Pick the right Production Strategy – make to order | make to stock | engineer to order
Pick the right Production Strategy
Companies that manufacture a product need to balance three goals that’ll often conflict with one another: customizing products to meet their customers’ needs; filling orders quickly; and keeping costs low. Let’s take a look at three different manufacturing strategies that can help you manage these trade offs and find the right balance for your supply chain.
We’ll use the example of buying a car to show how each of these manufacturing strategies work. Imagine walking into a dealership and looking at one of the cars on the showroom floor. That car’s actually inventory or stock that was manufactured using a Make to Stock production strategy. With a Make to Stock strategy, you manufacture products in advance so you have them ready for a customer to buy and you can keep manufacturing costs low and provide customers with short lead times because you’re planning ahead. But the drawback is that it’s often hard to predict how much your customers are going to buy and when they’re going to buy it. As a result you end up carrying inventory which eats up working capital for your business and increases your overall operating costs.
Now let’s say that you want a car that isn’t in the showroom.
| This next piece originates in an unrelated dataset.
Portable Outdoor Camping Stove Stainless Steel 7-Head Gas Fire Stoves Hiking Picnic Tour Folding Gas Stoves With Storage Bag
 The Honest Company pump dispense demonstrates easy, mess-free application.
You want your car to be a red convertible with the luxury package. Instead of carrying every possible configuration for the car in their inventory, the dealer can use a Make to Order production strategy. With a Make to Order strategy, the factory would have all of the parts ready but they wouldn’t assemble your specific car until they’ve received an order, and because they’re making that product for a particular customer they can tailor it to their exact preferences.
Make to Order reduces the cost of holding on to inventory but it means that your customers will need to wait a little longer. Waiting is bad because sometimes customers need the product right away, so they might decide to buy it from one of your competitors instead. Also, with a Make to Order strategy, it can be harder to plan your production schedule, which could end up increasing your manufacturing costs. Now, let’s say that you want some really special modifications to your car, like installing a race car engine.
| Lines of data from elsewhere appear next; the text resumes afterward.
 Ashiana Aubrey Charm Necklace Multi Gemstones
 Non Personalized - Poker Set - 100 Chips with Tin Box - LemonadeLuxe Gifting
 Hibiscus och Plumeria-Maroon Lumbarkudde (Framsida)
Now the third manufacturing strategy: Engineer to Order. With an Engineer to Order strategy the product is totally customized, so you can’t buy the parts in advance and you can’t start producing the product until you’ve received specifications from your customer.
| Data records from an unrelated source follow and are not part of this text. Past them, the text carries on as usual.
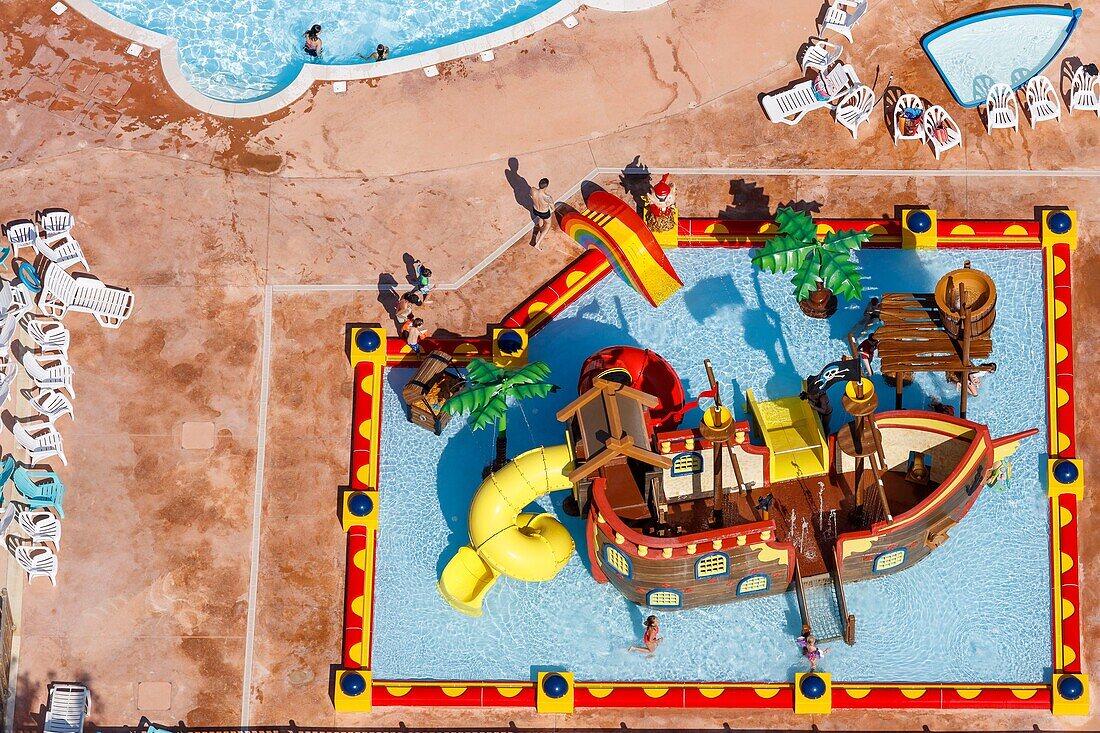 France, Charente Maritime, St Denis d'Oleron, camping swimming pool (aerial view)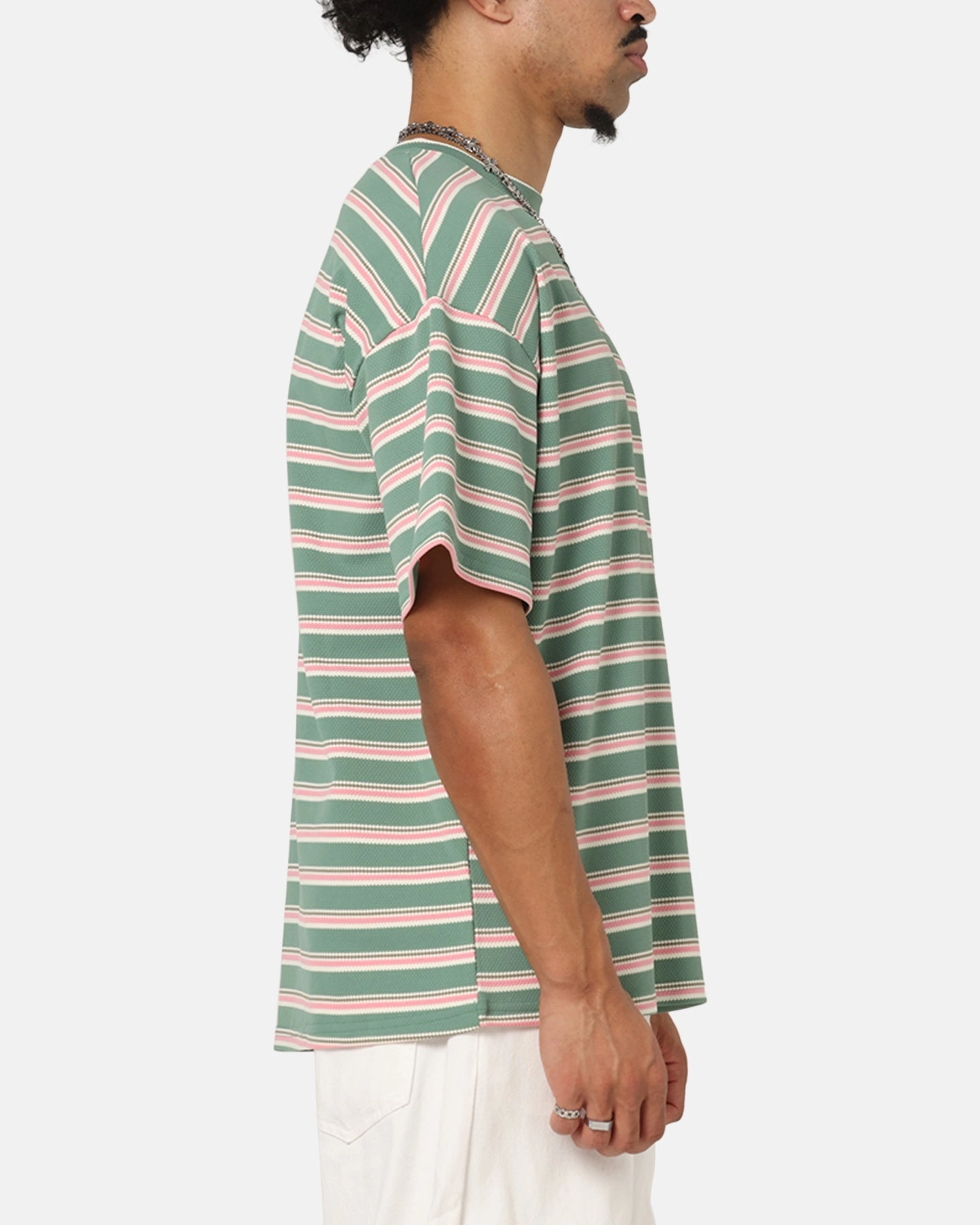 XXIII Standard Stripe T-Shirt Green/Pink AntiStaticLining Sweat Absorbent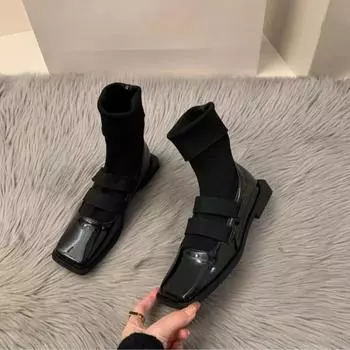 Сапоги с квадратными вязаными носками в британском стиле 2024 года, новые женские сапоги, высококачественные утягивающие мокасины, женские ботильоны, одинарные туфли 35 матовый черный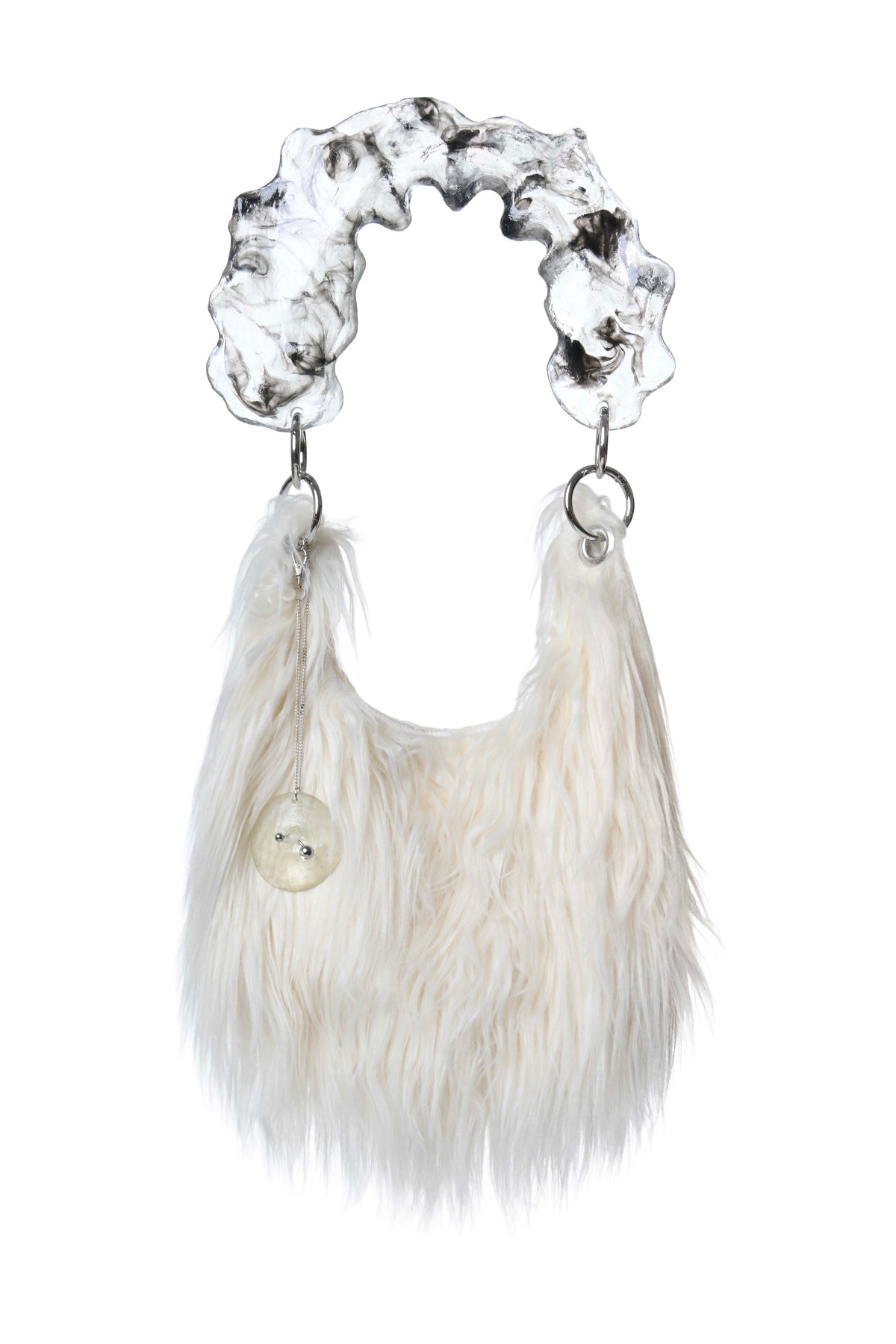 Fur handle bag with nipple charm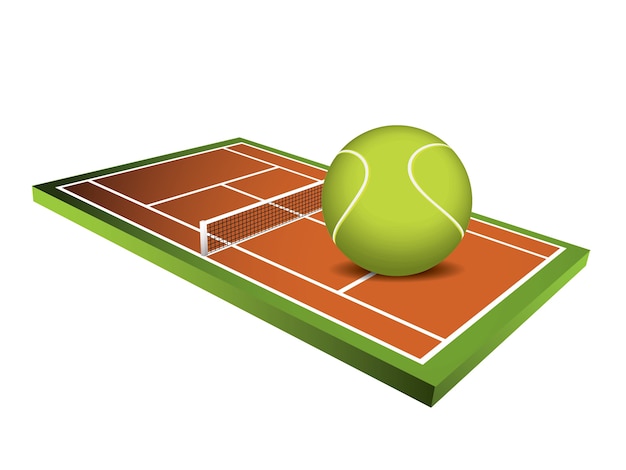 3d Tennis field vector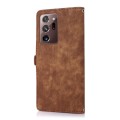 For Samsung Galaxy Note20 Ultra Zipper Card Slot Buckle Wallet Leather Phone Case(Brown)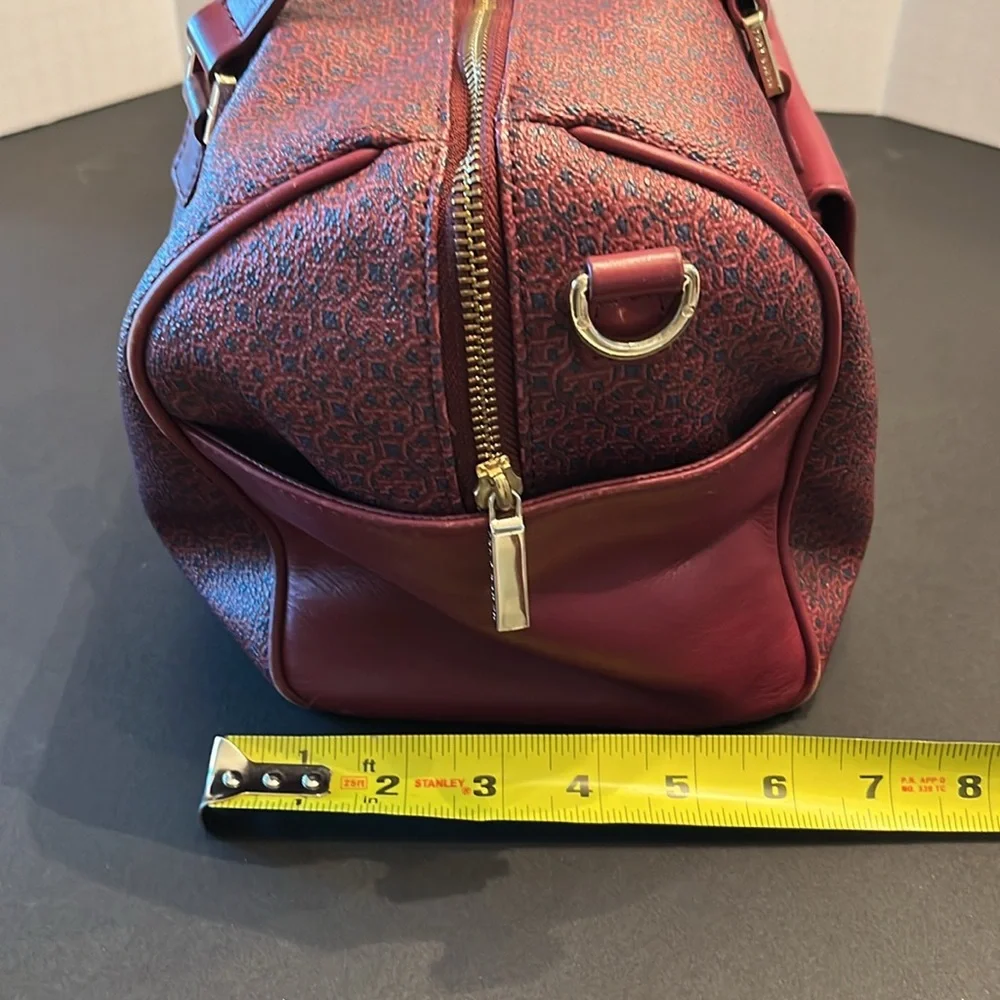 Tory Burch Doctor Bag Logo Pattern Burgundy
An Engineer to Order strategy usually has the longest lead time and the highest cost, but your customer gets exactly the product they need and you don’t spend money on inventory. Every manufacturer uses a combination of Make to Stock, Make to Order and Engineer to Order in their supply chain. When you use the right production strategy to manage the trade offs in time, cost and customization, you can design a supply chain that aligns with your customers’ needs and maximizes the profitability for your operations.